Friday, January 23, 2009

Straight To Video

'Have we got a video camera?' - demands JP after school.

'No, sorry.'

'Can we use the video on your mobile then? I'll get my costume sorted and you can film me.'

I trail upstairs after him, question marks punctuating the air.

'We can upload the video to the computer (waxing his thick, dark hair into a shock of upright spikes)

.... and I'll put it in a Powerpoint presentation (donning my white dressing gown in lieu of a lab coat).

... then I'll need to export it to a USB stick to take to school to show Male Teacher' (posing in front of the mirror and practising an Austrian accent).
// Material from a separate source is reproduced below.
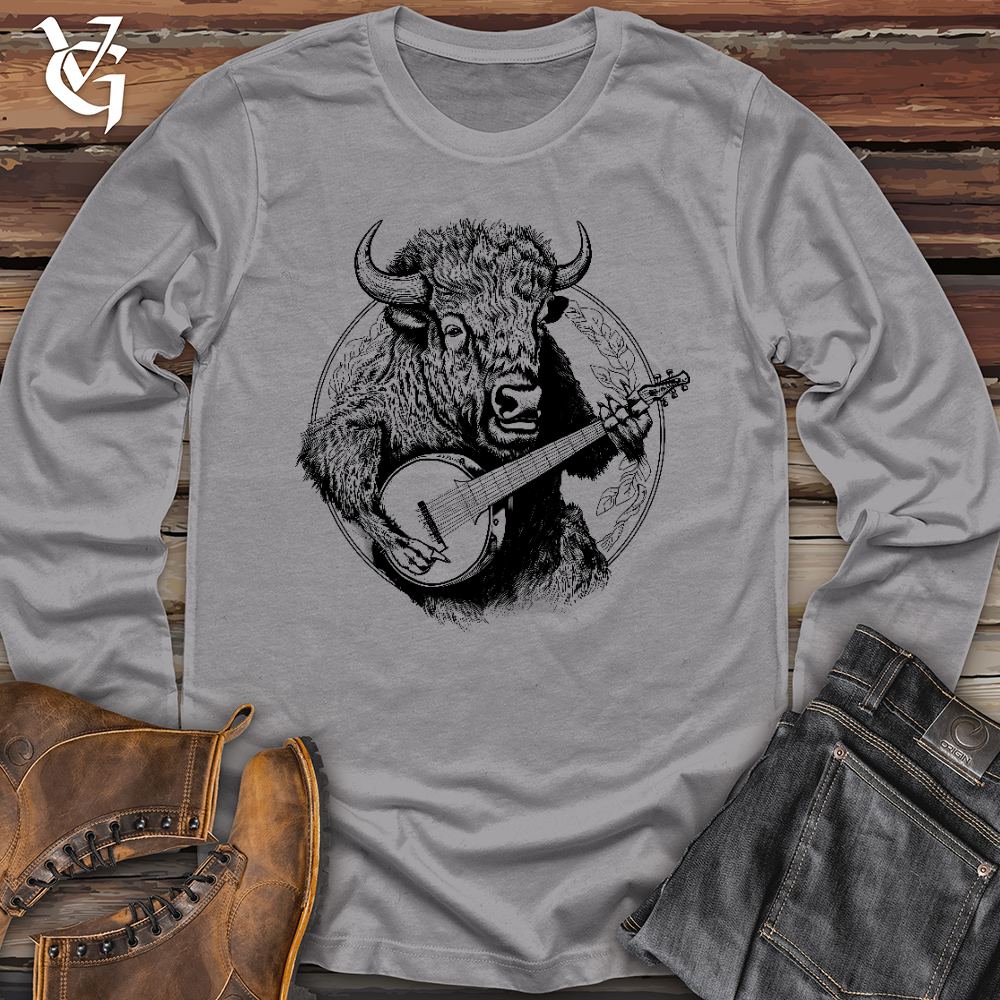 Viking Goods Banjo Bison Long Sleeve Storm / XS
Whilst I am happy to encourage initiative and creativity in the Little Ducks, I decide to enquire further before Orson Welles gets going on his project.

'Male Teacher taught us something today and he's wrong, so I'm going to prove it.' - he explains.
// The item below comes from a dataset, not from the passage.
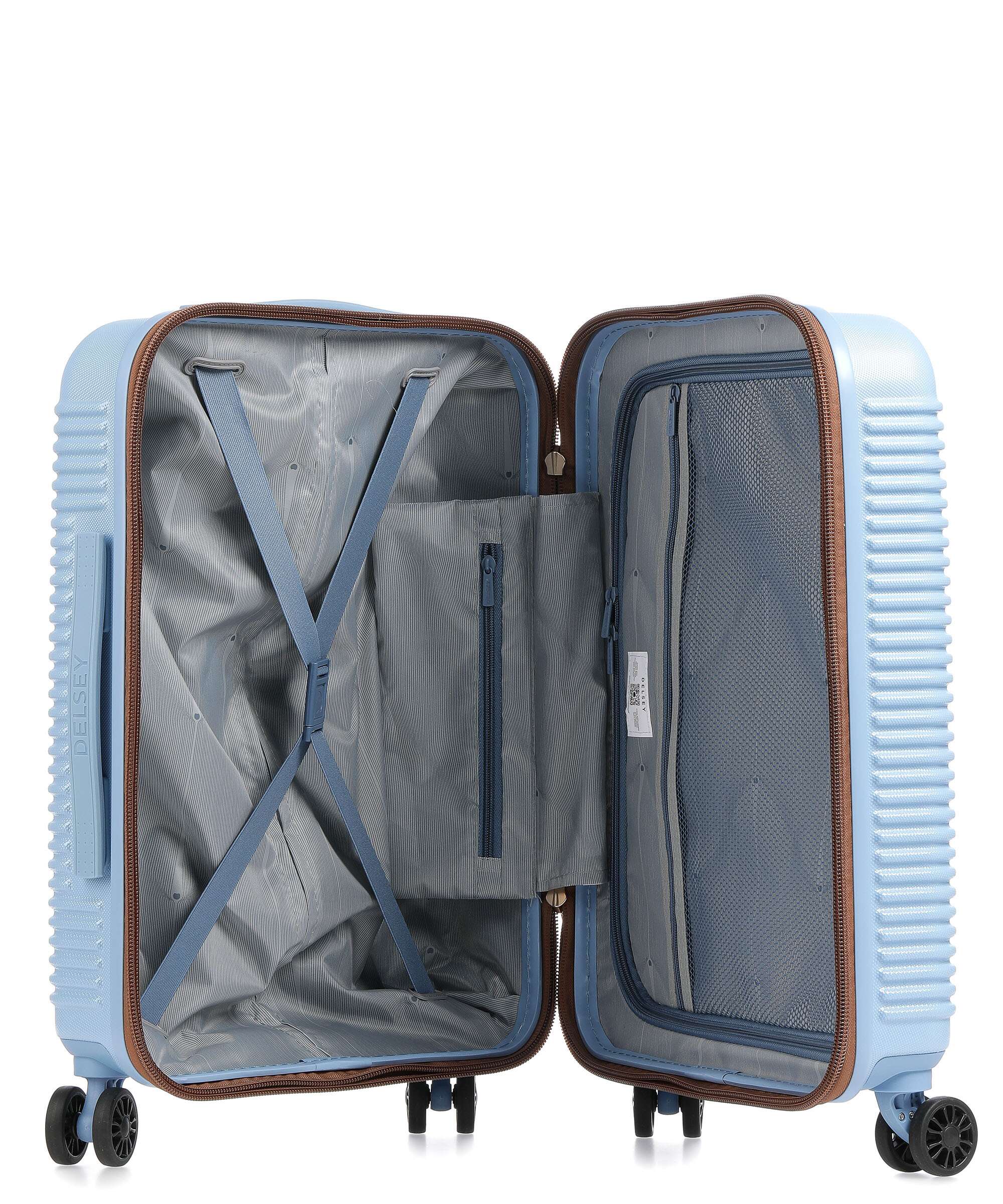 Delsey Paris Freestyle Trolley (4 wielen) himmelblau - Image 5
The world has turned on its head, while I have been busy in the Purple Garden. Not only does JP feel empowered to challenge the word of a teacher, but he's making a documentary film to expose the unfortunate pedagogue.

It turns out that Male Teacher had the temerity to suggest that the world was round, when every 8-year-old worth his salt knows that Neil Armstrong's pictures from space prove that the Poles are flatter and the Equator is fatter.

JP faces the camera and indicates his readiness with a brief nod. After half a dozen takes, he is satisfied with the result. We upload the video and he sets to work in Powerpoint - custom animation, imported images of the earth and the all important video evidence.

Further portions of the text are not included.